Closed baronfel closed 10 months ago

baronfel commented 11 months ago

In #484 @richlander used these environment variables to enable a novel use case for our tooling: containerizing and pushing an application that was AOT'd inside the SDK container.

In such a container, users can't just volume mount their Docker config.json if they're using a credential helper - that helper may not be usable inside the container. So the only viable config mechanism is the hard-coded auths in config.json, which aren't great or easy to tool around.

We should instead document the existing env vars (SDK_CONTAINER_REGISTRY_UNAME and SDK_CONTAINER_REGISTRY_PWORD) for this use case and others.

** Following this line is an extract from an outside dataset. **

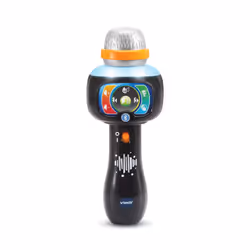 VTech Jouets Electroniques Educatifs SUPER MICRO MAGIC'FUN, 2 yr(s), AAA, Plastic, Black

alexeyzimarev commented 11 months ago

Maybe it would be clearer after the docs are updated, but how would it work with credentials providers? Like when the username is _json_key?

baronfel commented 10 months ago

It basically doesn't - this environment variable mechanism was specifically created to make it easier for Visual Studio to pass credentials to the container tooling, because VS at the time could authenticate to Azure Container Registry in ways that this tooling couldn't. We've closed that gap now so the original reason for the escape hatch is less valid.

Separately, this escape hatch is flawed in that it applies the same username/password information to both the source registry and the destination registry - tools like Jib that explicitly designed for this use case have separate settings for each end of the pipeline.